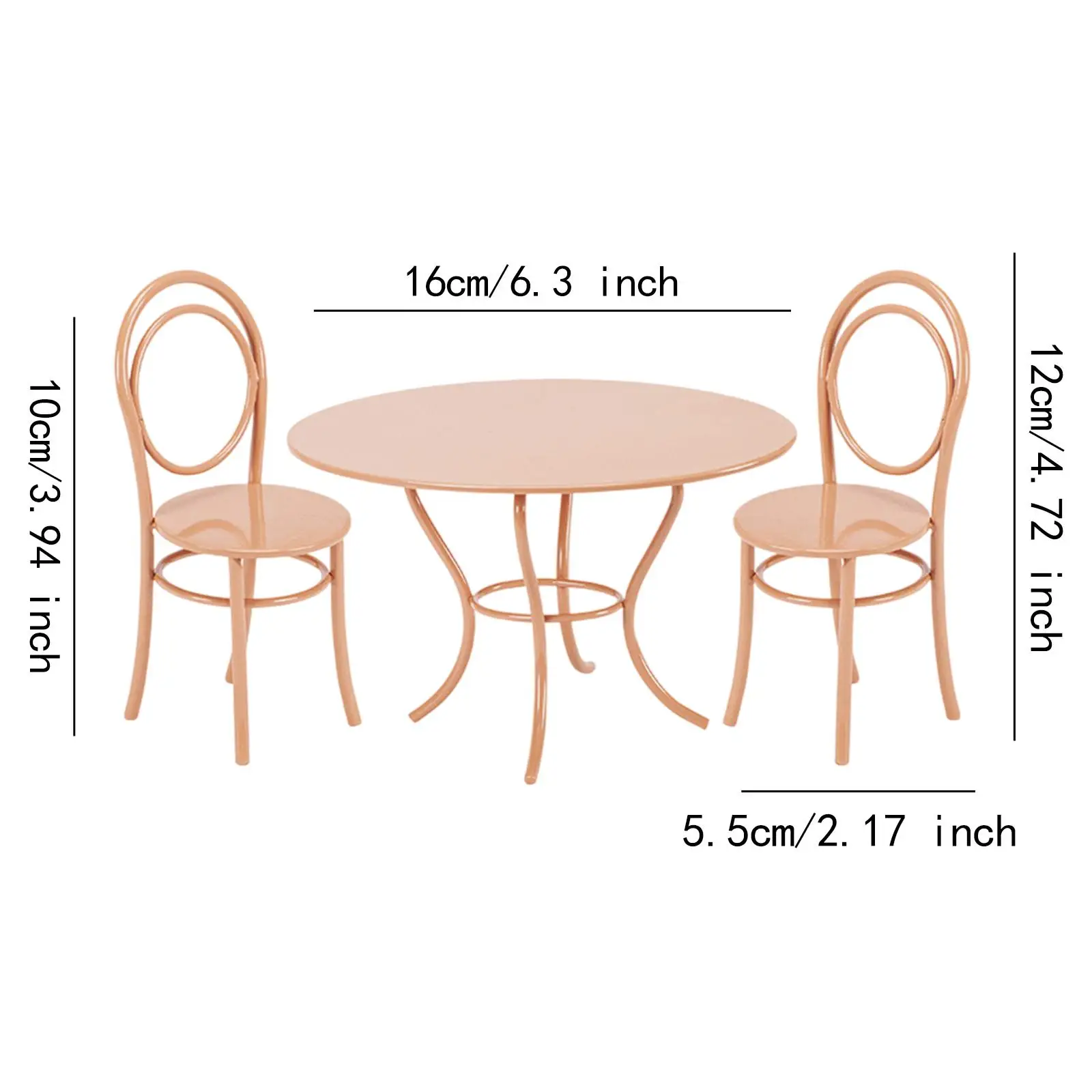 3-teiliges Set aus Miniatur-Tisch und Stühlen für Puppenhäuser, Feengartendekorationen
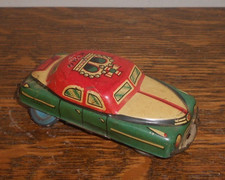 Vintage Tin Car Lithograph King Crown Friction Car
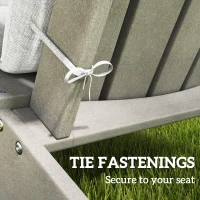 Outsunny Set of 2 Patio Chair Cushions, High Back Adirondack Chair Cushion with Ties, High-Density Foam, Light Grey(m-6)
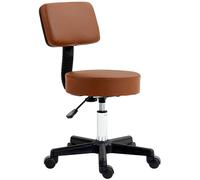HOMCOM Adjustable Swivel Salon Chair Padded Seat Back 5 Wheels - Brown - PU, Sponge, Steel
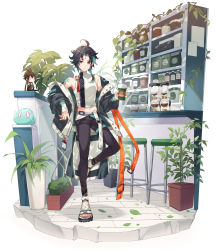 Rule 34 | 1boy, absurdres, ahoge, alternate costume, arm tattoo, black hair, black pants, character doll, coffee, coffee beans, cup, disposable cup, facial mark, forehead mark, genshin impact, green hair, highres, holding, holding cup, jacket, leaf, leg up, male focus, open clothes, open jacket, orange eyes, pants, plant, potted plant, sandals, sleeveless, slime (genshin impact), solo, standing, standing on one leg, stool, tassel, tattoo, vines, xiao (genshin impact), yuitonoel, zhongli (genshin impact)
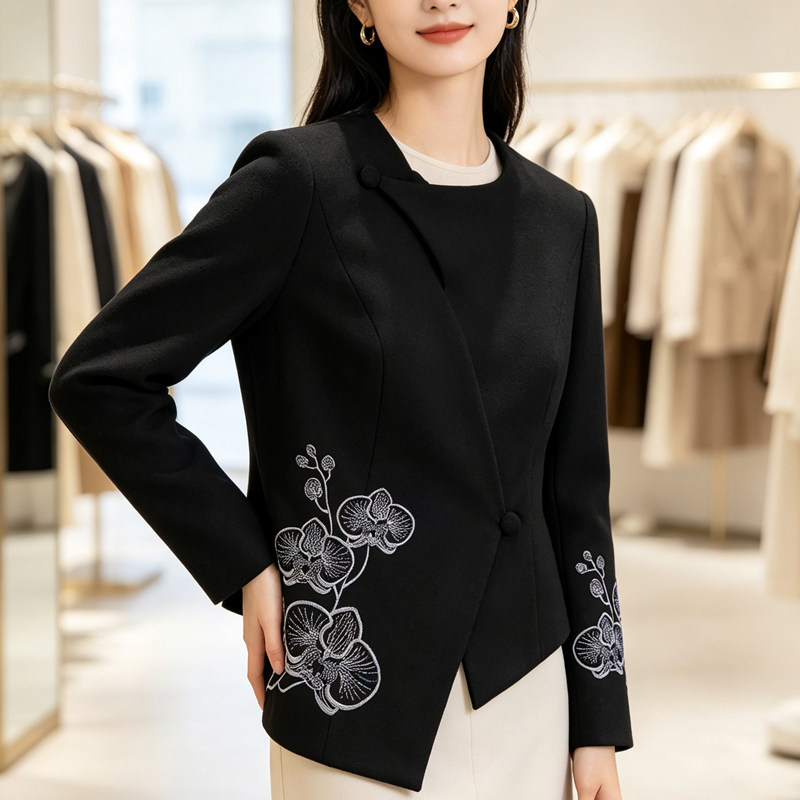 高端西装套装女春秋时尚气质女神范中式酒店前台工装OL通勤工作服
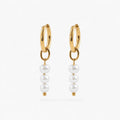 Talia Pearl Hoop Earrings | 18k Gold Plated Stainless Steel 0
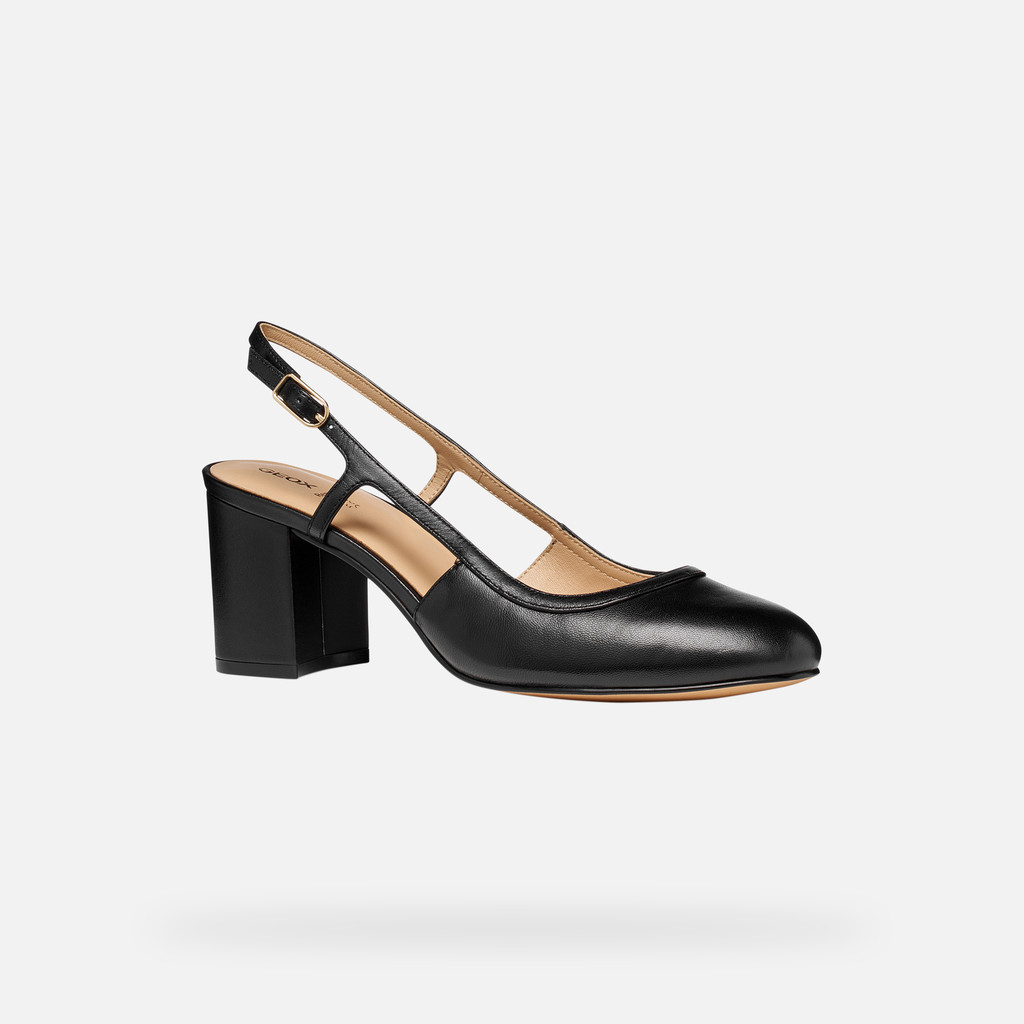 Slingbacks with medium-high heels VIRNILISA 65 WOMAN Black - image number 2 | GEOX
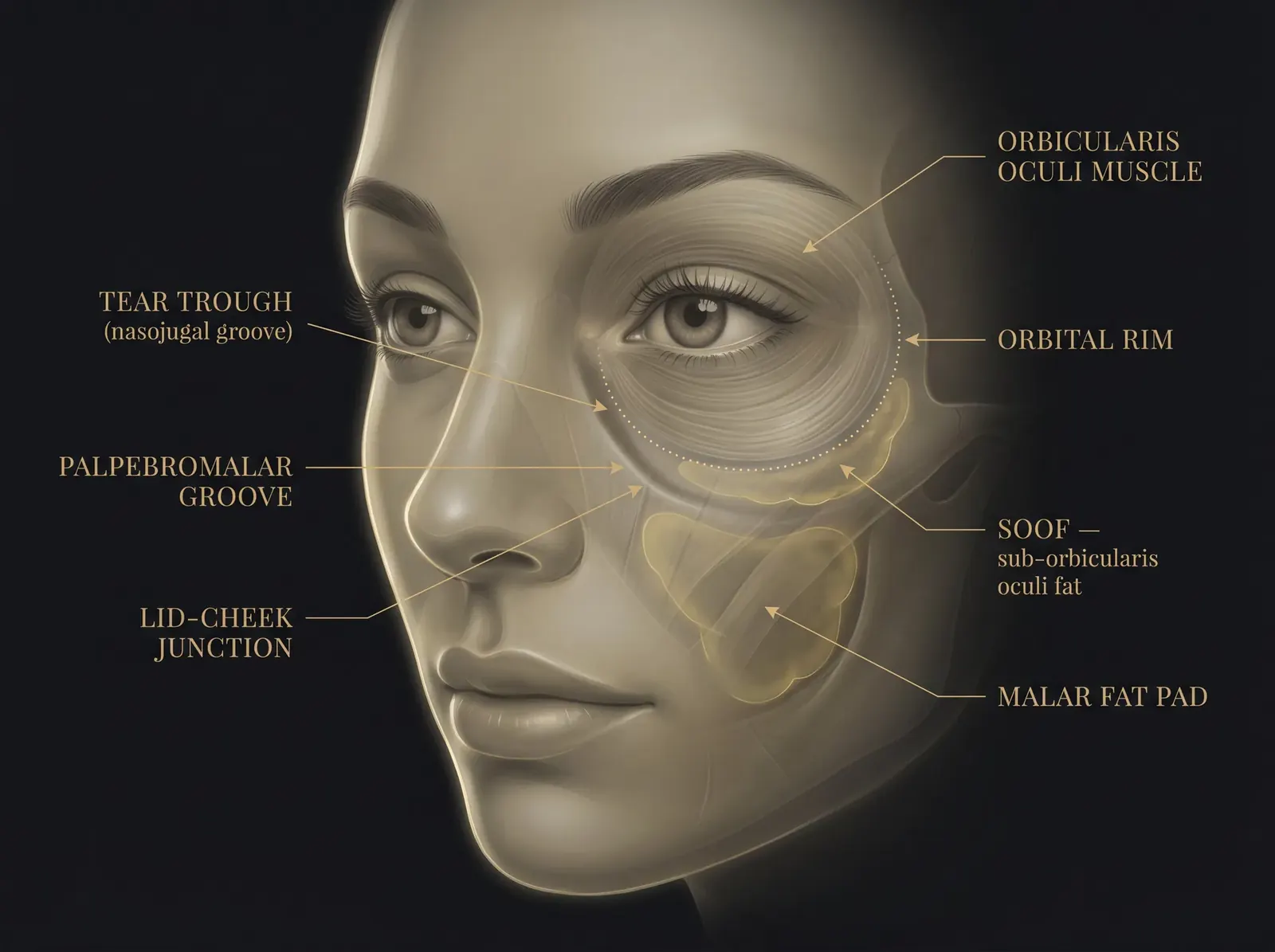 Labeled periorbital anatomy showing the tear trough, palpebromalar groove, lid-cheek junction, orbital rim, SOOF and malar fat pad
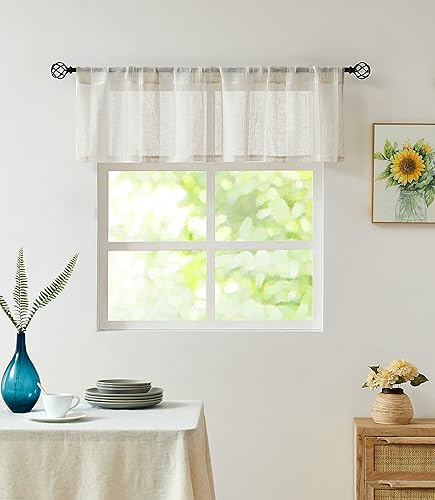 Central Park Cortina Valance para Ventana de Cocina de Rayas Verticales Transparente Boucle de Lino Beige y Blanco, Paneles Rústicos Decorativos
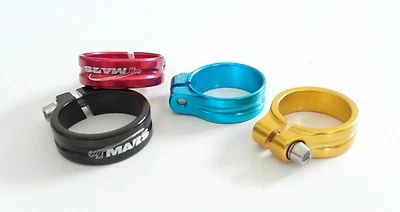 Tmars 轻量级数控合金 6061-T6 座杆夹黑色/红色/蓝色/金色  — 第 1/3 张图片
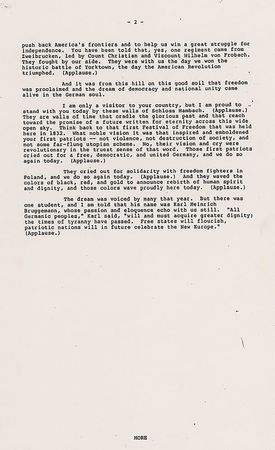 Lot #104 Ronald Reagan: Finishing his historic state visit, Reagan criticizes Communist Europe, singling out Russia as “cousins on the other side of the wall” - Image 3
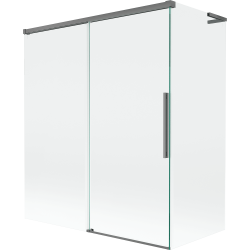 Mexen Rox L kétpaneles, eltolható kádparaván 140 + 70 x 150 cm, átlátszó, pisztolyszürke - 8C9L-140-070-95-00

Your instructions:
Could you output all of the entries above exactly? Leave the pictures out.

Your solution:
 3-teiliges Set aus Miniatur-Tisch und Stühlen für Puppenhäuser, Feengartendekorationen
 Vintage Tin Car Lithograph King Crown Friction Car
 Outsunny Set of 2 Patio Chair Cushions, High Back Adirondack Chair Cushion with Ties, High-Density Foam, Light Grey(m-6)
HOMCOM Adjustable Swivel Salon Chair Padded Seat Back 5 Wheels - Brown - PU, Sponge, Steel
 Rule 34 | 1boy, absurdres, ahoge, alternate costume, arm tattoo, black hair, black pants, character doll, coffee, coffee beans, cup, disposable cup, facial mark, forehead mark, genshin impact, green hair, highres, holding, holding cup, jacket, leaf, leg up, male focus, open clothes, open jacket, orange eyes, pants, plant, potted plant, sandals, sleeveless, slime (genshin impact), solo, standing, standing on one leg, stool, tassel, tattoo, vines, xiao (genshin impact), yuitonoel, zhongli (genshin impact)
 高端西装套装女春秋时尚气质女神范中式酒店前台工装OL通勤工作服
 Talia Pearl Hoop Earrings | 18k Gold Plated Stainless Steel 0
 Slingbacks with medium-high heels VIRNILISA 65 WOMAN Black - image number 2 | GEOX
 Labeled periorbital anatomy showing the tear trough, palpebromalar groove, lid-cheek junction, orbital rim, SOOF and malar fat pad
 Central Park Cortina Valance para Ventana de Cocina de Rayas Verticales Transparente Boucle de Lino Beige y Blanco, Paneles Rústicos Decorativos
 Tmars 轻量级数控合金 6061-T6 座杆夹黑色/红色/蓝色/金色  — 第 1/3 张图片
 Lot #104 Ronald Reagan: Finishing his historic state visit, Reagan criticizes Communist Europe, singling out Russia as “cousins on the other side of the wall” - Image 3
 Mexen Rox L kétpaneles, eltolható kádparaván 140 + 70 x 150 cm, átlátszó, pisztolyszürke - 8C9L-140-070-95-00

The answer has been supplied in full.